Stop reading, take a breath, and wait one minute.
Your government just gave over $2,600 to the fossil fuel industry.
Add up all these minutes and you get just under $1.4 billion each year that Canada is currently giving to some of the richest corporations on the planet. According to a recent report from the Center for American Progress, profits from five of the world's largest oil companies all rose in 2011 with a total profit of $137 billion. All this while producing less oil on a global scale.
Looking globally, the International Energy Agency has calculated that ending fossil fuel subsidies from 37 of the planets most polluting nations would bring the entire planet halfway to keeping global temperature rise below 2°C, the scientific red-line for preventing worst case climate change scenarios. In hard numbers, ending subsidies equals deep the kind of deep emissions cuts that have been sorely needed for years, cutting 750 million tonnes of CO2 every year by 2015, totalling 2.6 gigatonnes by 2035.
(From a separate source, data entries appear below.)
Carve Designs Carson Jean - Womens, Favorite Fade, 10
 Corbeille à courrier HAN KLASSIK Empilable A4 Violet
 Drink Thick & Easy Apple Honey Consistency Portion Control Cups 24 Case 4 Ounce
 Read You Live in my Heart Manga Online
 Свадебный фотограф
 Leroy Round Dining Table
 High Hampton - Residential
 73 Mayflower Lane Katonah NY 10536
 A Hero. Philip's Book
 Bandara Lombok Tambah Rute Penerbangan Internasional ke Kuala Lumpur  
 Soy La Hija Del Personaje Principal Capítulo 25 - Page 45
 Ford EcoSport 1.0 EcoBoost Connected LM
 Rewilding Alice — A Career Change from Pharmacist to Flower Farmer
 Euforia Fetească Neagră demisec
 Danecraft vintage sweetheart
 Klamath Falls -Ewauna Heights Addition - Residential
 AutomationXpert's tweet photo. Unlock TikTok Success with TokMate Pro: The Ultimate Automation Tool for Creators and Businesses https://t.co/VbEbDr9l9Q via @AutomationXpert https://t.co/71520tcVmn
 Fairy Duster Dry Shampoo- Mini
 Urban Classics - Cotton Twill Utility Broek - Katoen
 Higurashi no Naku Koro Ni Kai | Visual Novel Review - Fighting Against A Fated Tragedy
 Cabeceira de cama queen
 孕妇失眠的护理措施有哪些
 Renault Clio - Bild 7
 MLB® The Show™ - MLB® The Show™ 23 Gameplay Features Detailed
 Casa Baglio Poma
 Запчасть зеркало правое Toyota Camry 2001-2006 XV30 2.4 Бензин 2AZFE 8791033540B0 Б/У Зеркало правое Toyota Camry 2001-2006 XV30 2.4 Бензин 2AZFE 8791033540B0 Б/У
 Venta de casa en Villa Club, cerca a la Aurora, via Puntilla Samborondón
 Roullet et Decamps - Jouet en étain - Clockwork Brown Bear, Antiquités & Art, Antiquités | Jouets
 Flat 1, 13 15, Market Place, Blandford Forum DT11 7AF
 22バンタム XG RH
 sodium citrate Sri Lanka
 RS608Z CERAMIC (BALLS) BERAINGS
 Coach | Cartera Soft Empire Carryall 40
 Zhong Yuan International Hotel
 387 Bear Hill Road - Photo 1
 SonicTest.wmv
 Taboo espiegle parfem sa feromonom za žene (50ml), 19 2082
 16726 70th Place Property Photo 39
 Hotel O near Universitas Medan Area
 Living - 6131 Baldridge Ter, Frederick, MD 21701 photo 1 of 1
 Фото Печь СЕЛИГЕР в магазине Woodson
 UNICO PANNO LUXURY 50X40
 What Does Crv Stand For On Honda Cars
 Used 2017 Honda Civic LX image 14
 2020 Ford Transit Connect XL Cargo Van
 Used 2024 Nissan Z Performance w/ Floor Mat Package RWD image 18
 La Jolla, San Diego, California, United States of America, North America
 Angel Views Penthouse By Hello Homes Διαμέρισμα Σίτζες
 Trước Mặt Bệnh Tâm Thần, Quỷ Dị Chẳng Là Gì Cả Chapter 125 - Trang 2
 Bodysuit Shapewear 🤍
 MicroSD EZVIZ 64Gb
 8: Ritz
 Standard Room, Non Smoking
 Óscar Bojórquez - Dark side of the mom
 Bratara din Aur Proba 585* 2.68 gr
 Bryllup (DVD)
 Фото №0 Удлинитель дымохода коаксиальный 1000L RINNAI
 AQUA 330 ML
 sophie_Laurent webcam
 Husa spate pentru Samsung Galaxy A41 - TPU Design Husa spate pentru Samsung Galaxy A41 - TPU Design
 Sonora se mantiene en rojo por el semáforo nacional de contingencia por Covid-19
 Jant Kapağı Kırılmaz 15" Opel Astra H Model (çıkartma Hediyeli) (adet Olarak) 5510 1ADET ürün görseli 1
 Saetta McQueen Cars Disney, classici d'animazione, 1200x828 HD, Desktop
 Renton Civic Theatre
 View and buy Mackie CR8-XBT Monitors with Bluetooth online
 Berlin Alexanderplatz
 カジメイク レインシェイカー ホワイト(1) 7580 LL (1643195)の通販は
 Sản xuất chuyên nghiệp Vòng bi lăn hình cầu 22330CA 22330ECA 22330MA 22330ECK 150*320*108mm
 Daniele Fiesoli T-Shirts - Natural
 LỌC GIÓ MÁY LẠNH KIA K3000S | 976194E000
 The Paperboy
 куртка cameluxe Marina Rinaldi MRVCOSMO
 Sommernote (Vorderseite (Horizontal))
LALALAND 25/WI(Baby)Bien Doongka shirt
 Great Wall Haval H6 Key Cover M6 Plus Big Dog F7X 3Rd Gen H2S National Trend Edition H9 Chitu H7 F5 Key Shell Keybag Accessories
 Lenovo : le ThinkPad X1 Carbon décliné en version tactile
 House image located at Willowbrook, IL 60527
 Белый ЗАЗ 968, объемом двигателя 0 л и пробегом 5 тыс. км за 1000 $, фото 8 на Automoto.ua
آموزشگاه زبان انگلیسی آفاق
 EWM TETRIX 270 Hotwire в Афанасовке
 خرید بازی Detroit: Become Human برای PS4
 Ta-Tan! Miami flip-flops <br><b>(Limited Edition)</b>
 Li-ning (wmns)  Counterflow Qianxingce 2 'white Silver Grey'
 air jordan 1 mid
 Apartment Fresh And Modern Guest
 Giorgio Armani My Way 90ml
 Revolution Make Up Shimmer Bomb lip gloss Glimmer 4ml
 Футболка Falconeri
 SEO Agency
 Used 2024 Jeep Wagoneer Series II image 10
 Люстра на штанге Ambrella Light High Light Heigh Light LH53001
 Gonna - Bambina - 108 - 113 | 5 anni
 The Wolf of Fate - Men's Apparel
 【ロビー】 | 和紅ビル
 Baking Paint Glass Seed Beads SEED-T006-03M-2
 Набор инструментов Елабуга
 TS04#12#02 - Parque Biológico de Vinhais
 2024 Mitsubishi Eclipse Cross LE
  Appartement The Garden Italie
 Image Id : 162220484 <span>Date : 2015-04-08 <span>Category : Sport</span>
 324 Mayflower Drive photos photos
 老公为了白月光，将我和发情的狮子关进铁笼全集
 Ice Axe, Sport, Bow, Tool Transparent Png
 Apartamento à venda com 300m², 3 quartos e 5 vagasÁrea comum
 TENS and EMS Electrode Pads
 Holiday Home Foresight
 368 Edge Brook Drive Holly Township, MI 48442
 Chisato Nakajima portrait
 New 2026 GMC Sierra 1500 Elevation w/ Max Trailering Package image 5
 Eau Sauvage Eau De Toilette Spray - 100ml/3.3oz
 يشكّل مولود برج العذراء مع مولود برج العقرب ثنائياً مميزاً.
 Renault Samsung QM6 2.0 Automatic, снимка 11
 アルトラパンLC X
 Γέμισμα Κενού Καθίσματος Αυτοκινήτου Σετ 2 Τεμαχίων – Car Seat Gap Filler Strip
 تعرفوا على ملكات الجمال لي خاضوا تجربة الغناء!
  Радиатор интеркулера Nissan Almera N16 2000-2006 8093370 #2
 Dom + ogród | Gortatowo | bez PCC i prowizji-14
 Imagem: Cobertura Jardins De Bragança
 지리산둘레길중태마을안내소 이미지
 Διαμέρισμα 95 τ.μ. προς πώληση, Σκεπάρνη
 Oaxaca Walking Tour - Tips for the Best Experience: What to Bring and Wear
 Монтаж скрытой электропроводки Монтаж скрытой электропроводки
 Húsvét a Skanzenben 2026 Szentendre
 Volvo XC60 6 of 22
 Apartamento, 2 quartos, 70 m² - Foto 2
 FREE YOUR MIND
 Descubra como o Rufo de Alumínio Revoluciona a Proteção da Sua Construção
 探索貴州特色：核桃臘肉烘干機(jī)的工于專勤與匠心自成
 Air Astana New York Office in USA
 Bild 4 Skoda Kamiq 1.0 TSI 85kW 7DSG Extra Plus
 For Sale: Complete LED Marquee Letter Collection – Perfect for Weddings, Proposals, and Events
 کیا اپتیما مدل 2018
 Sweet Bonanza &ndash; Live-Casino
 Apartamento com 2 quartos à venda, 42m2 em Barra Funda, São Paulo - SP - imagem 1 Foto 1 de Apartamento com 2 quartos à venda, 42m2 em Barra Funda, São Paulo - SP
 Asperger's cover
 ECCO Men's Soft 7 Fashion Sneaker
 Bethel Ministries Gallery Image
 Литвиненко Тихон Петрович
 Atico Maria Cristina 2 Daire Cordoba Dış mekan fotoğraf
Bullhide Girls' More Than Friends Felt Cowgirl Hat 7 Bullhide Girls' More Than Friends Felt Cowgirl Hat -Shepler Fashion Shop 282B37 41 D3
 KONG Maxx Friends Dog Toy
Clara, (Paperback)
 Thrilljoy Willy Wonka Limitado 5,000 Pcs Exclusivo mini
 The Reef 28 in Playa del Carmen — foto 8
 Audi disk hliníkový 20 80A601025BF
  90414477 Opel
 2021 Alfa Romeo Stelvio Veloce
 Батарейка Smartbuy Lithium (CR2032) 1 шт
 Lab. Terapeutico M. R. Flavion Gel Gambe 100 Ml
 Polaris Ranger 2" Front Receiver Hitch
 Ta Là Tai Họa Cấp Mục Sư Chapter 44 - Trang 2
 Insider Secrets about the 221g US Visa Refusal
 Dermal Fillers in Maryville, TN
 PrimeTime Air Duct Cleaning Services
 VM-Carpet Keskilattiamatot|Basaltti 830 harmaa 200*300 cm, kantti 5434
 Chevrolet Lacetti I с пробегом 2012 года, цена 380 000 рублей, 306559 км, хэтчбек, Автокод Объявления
At home, we are facing rumours of a coming federal austerity budget that could push unemployment even higher in Canada. On top of this, debt is increasing across Canada and both of these factors are hitting youth especially hard. According to the Canadian Center for Policy Alternatives' Alternative Federal Budget, instead of subsidizing pollution, this $1.4 billion could reduce university tuition by 57 per cent across Canada. In doing so we would be making education more accessible, and starting to take on the ever-increasing student debt load in Canada.
This is just one example of the dozens of things that $1.4 billion could go towards, from green energy transition strategies to job creation plans, affordable childcare, and much more. Take renewable energy for example: Not only would a $1.4 billion investment into making renewable energy technology affordable and accessible bring us closer to building a just and sustainable future, investments in renewable energy have a higher rate of job creation per dollar than the fossil fuel industry. A study by the Center for American Progress shows that for each dollar invested into the fossil fuel sector an average of 5.3 jobs are created, the same amount invested into the renewable sector yields an average of 16.7 jobs.
Simply put, neither our planet, our economy, or my generation can afford to keep paying these subsidies. No one, and especially not the richest corporations on the planet, deserve a minimum wage of $157,000 per hour, especially with youth unemployment continuing to climb and while their pollution outputs are endangering the lives and livelihoods of people across the globe.
In the words of one former Conservative Member of Parliament, this shouldn't even be a debate, its a "no brainer."